═════ EXTRACTED MATERIAL ═════
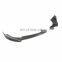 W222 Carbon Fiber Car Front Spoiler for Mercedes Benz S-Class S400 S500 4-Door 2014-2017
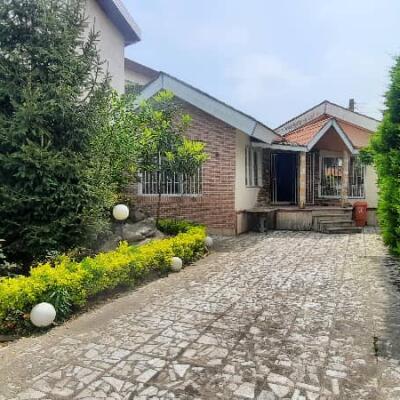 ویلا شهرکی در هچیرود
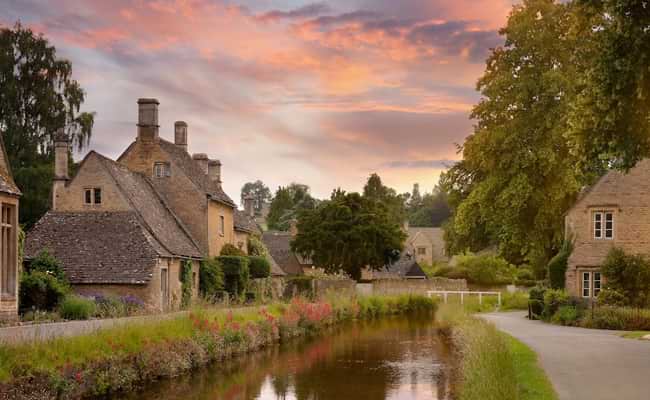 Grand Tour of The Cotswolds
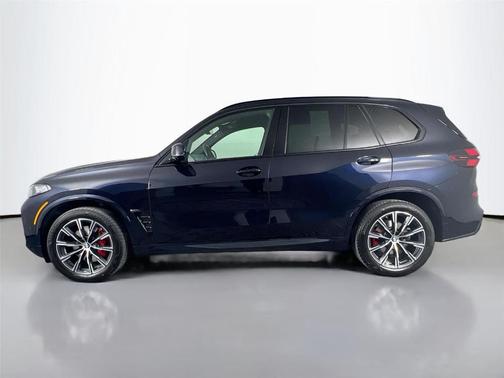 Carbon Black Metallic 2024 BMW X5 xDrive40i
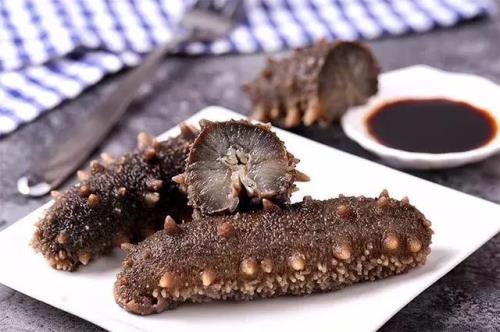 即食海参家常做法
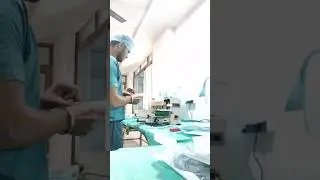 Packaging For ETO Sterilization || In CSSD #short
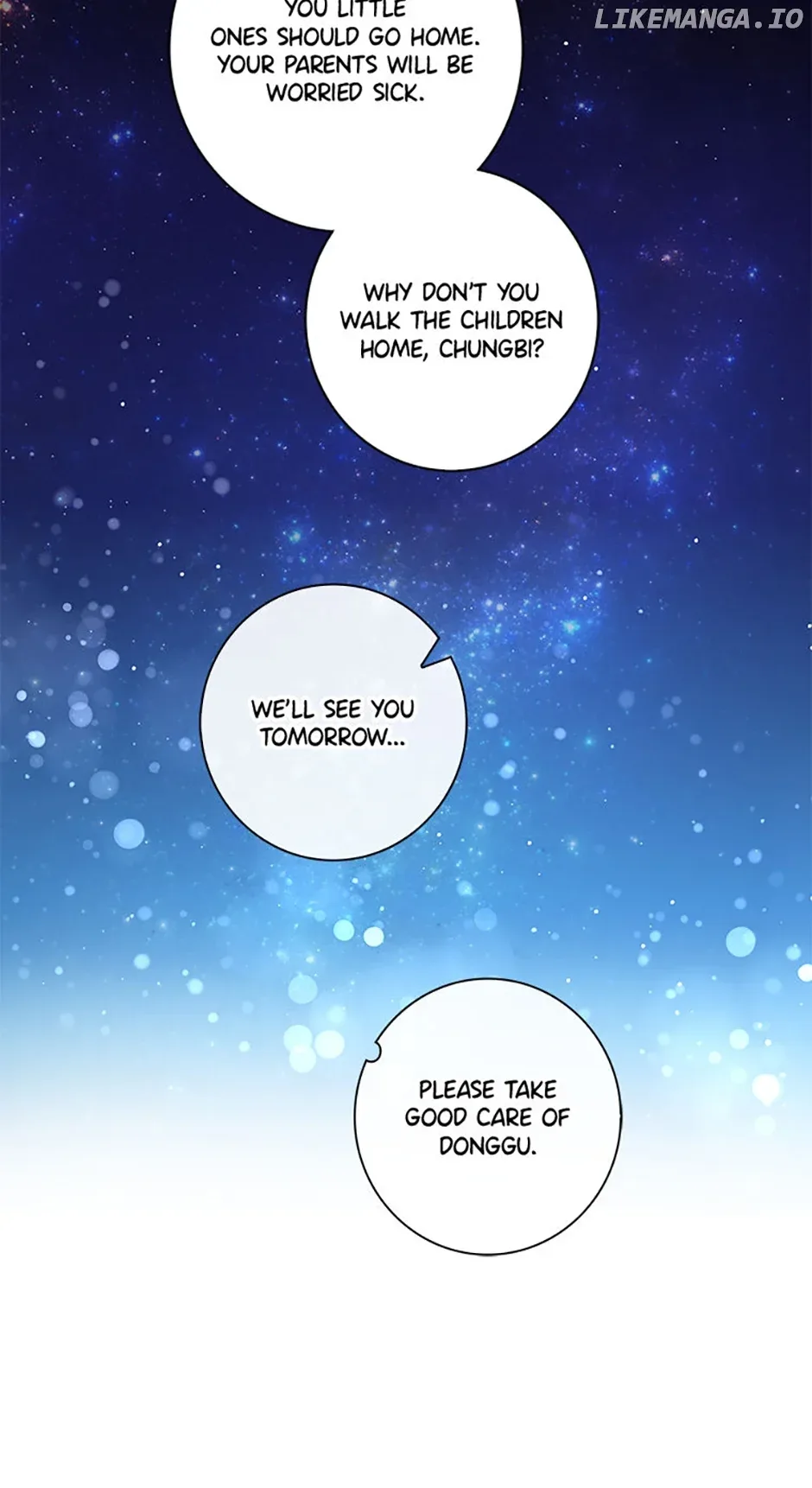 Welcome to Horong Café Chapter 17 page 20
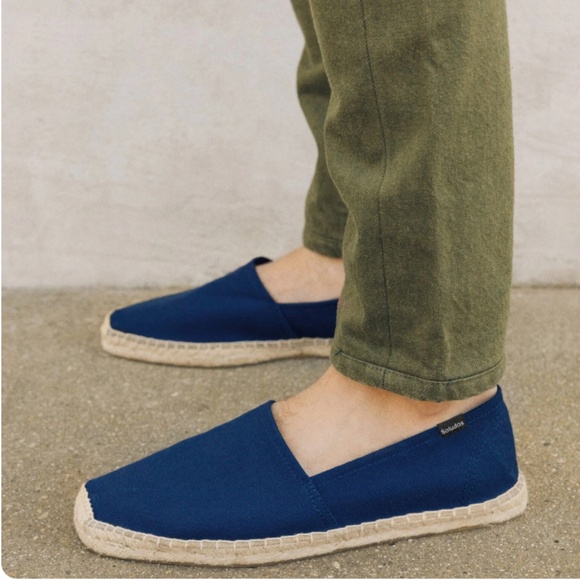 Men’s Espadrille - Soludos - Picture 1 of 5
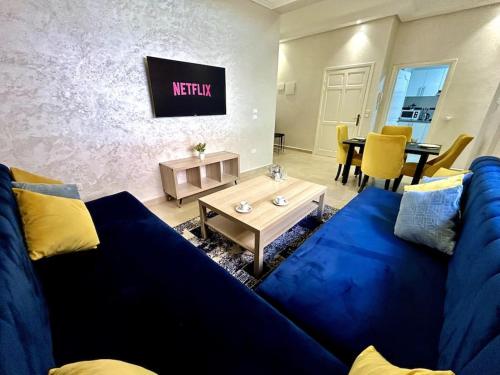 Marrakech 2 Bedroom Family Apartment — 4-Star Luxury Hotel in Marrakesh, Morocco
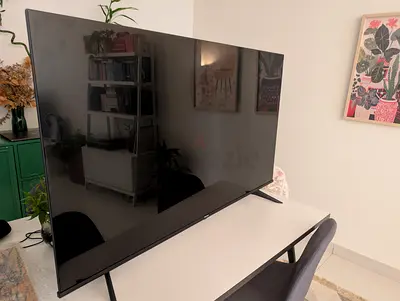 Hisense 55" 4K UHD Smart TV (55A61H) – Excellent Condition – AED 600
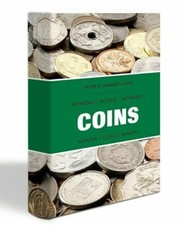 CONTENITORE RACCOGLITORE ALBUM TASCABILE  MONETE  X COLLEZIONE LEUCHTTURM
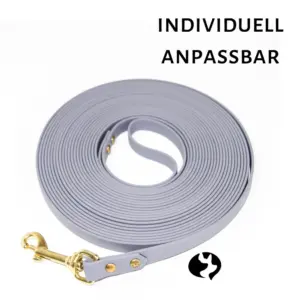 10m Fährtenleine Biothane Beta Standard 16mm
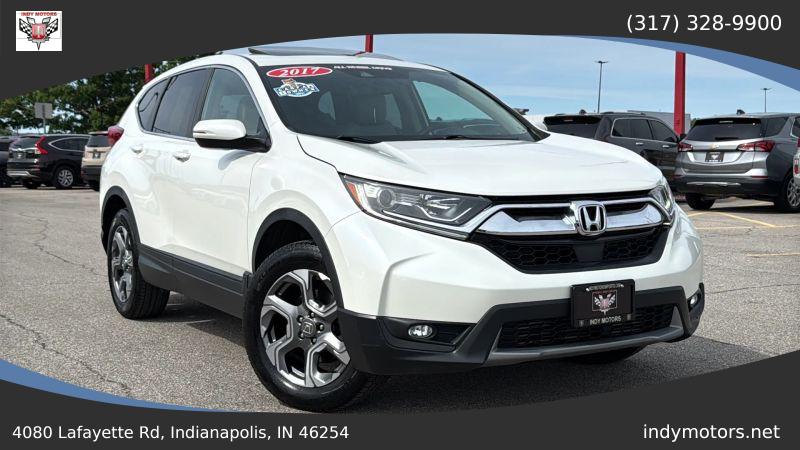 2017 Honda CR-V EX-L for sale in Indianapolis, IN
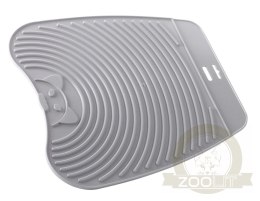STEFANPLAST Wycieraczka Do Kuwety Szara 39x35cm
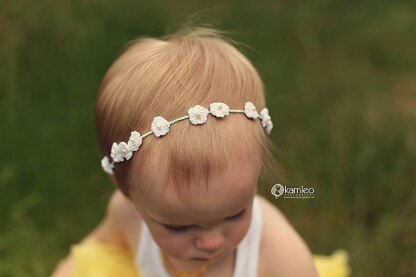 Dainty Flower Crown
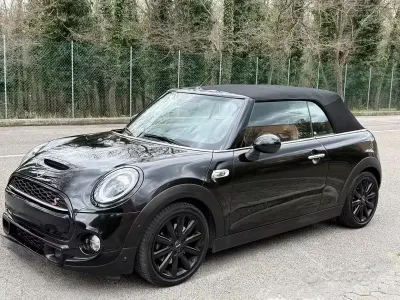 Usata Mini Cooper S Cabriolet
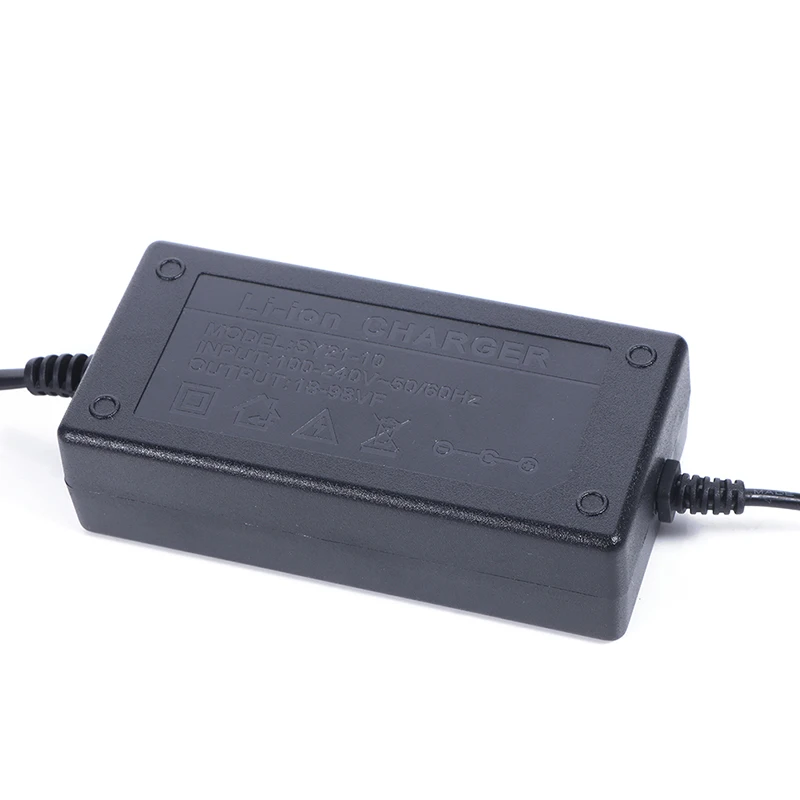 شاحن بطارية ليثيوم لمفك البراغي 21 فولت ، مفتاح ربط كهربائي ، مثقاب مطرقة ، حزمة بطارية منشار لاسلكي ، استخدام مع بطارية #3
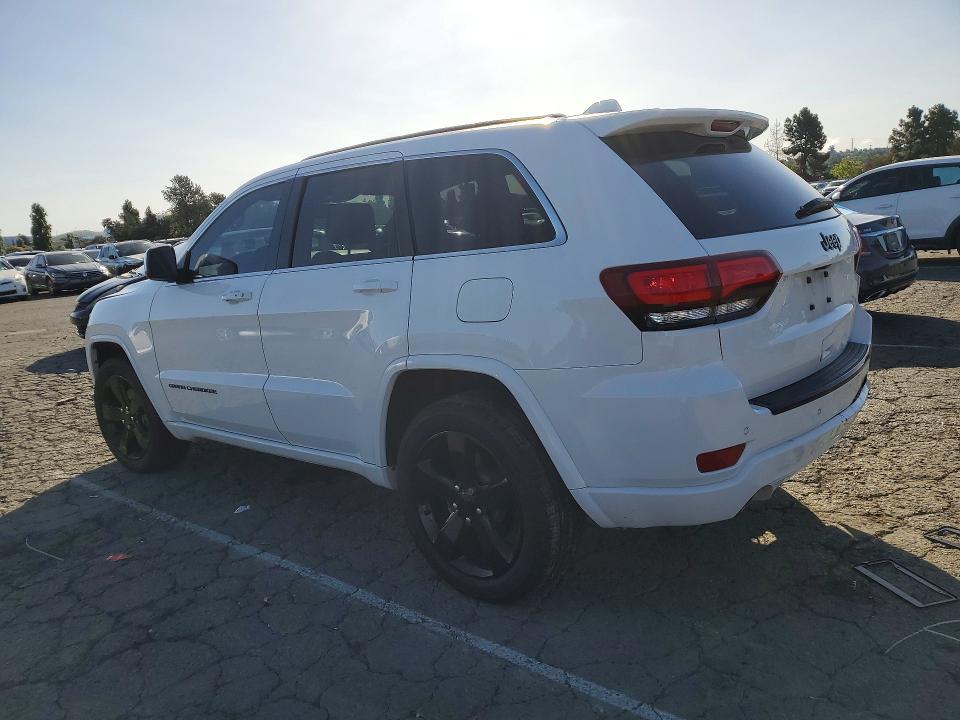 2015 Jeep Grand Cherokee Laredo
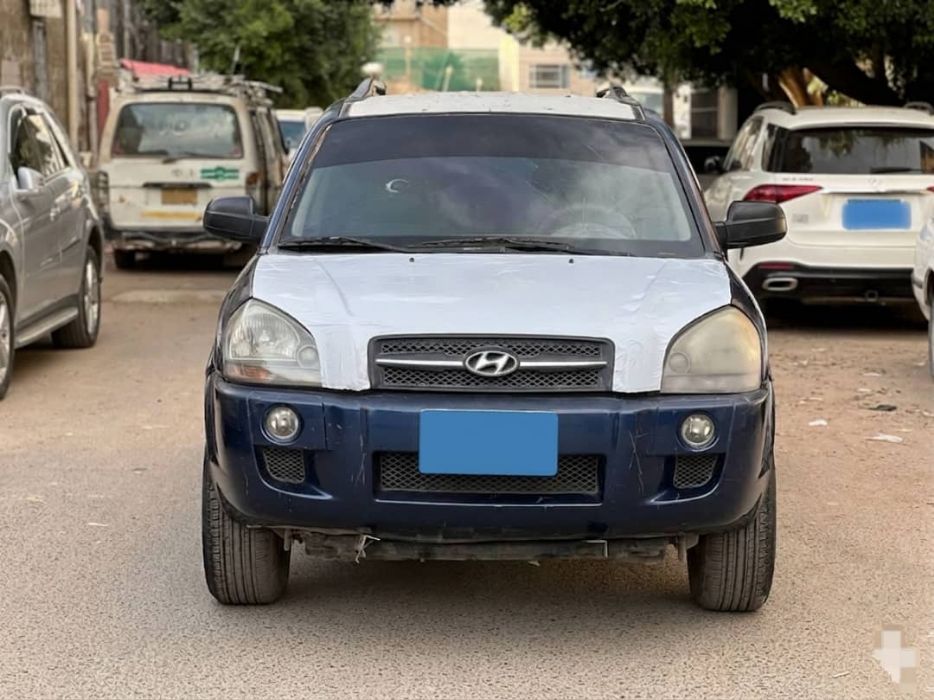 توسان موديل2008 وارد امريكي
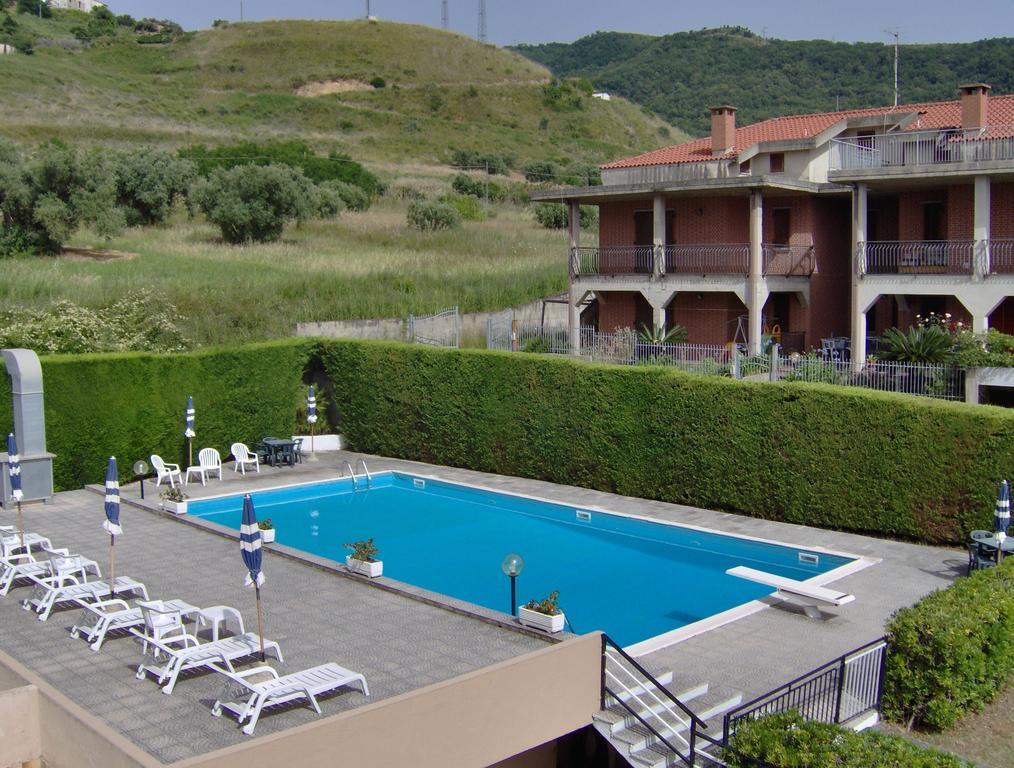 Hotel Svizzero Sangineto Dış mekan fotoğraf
═════
Do not include pictures. Copy only the lines running from the line with "توسان موديل2008 وارد امريكي" through the last line of the records, exactly as they appear.

__OUTPUT OF THE TASK__:
 توسان موديل2008 وارد امريكي
 Hotel Svizzero Sangineto Dış mekan fotoğraf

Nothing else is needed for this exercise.